* Given entries:
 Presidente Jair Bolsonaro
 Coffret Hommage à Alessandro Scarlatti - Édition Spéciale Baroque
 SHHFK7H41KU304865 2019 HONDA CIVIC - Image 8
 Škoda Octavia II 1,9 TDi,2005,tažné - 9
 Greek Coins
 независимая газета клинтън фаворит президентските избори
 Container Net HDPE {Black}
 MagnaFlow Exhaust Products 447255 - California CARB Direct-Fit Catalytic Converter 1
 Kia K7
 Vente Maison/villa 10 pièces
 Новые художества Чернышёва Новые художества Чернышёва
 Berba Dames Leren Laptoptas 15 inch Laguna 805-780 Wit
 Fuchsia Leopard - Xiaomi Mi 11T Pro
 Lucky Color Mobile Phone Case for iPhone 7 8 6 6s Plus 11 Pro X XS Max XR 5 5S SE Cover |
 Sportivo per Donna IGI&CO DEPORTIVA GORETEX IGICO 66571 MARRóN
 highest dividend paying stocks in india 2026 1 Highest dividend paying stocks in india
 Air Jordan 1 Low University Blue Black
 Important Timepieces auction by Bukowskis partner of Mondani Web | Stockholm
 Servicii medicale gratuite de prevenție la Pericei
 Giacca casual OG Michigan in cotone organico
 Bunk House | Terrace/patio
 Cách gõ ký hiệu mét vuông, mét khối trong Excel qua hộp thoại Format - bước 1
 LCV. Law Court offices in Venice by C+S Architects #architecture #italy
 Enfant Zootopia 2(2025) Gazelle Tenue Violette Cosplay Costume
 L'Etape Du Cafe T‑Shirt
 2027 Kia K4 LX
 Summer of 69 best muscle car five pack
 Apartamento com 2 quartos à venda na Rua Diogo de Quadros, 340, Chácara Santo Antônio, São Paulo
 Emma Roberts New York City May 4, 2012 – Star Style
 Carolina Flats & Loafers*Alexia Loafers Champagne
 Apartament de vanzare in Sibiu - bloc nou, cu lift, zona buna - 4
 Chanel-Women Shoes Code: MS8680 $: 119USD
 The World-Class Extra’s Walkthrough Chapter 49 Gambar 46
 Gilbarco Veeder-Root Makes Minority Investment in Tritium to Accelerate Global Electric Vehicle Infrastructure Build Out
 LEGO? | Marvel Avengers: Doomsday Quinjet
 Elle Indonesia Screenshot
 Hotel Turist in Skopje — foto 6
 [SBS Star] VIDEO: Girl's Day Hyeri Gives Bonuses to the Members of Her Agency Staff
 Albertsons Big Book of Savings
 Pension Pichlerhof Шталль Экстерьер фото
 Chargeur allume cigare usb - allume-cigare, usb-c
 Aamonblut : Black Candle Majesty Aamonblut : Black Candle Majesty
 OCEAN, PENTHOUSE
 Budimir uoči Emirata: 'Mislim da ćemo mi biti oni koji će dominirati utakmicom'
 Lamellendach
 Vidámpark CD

* Goal of the exercise: Every line above from the line with "The World-Class Extra’s" to the line with "Pension Pichlerhof Шталль Экстерьер фото", inclusive, must be returned exactly; no other line belongs in the reply.

* Task response:
 The World-Class Extra’s Walkthrough Chapter 49 Gambar 46
 Gilbarco Veeder-Root Makes Minority Investment in Tritium to Accelerate Global Electric Vehicle Infrastructure Build Out
 LEGO? | Marvel Avengers: Doomsday Quinjet
 Elle Indonesia Screenshot
 Hotel Turist in Skopje — foto 6
 [SBS Star] VIDEO: Girl's Day Hyeri Gives Bonuses to the Members of Her Agency Staff
 Albertsons Big Book of Savings
 Pension Pichlerhof Шталль Экстерьер фото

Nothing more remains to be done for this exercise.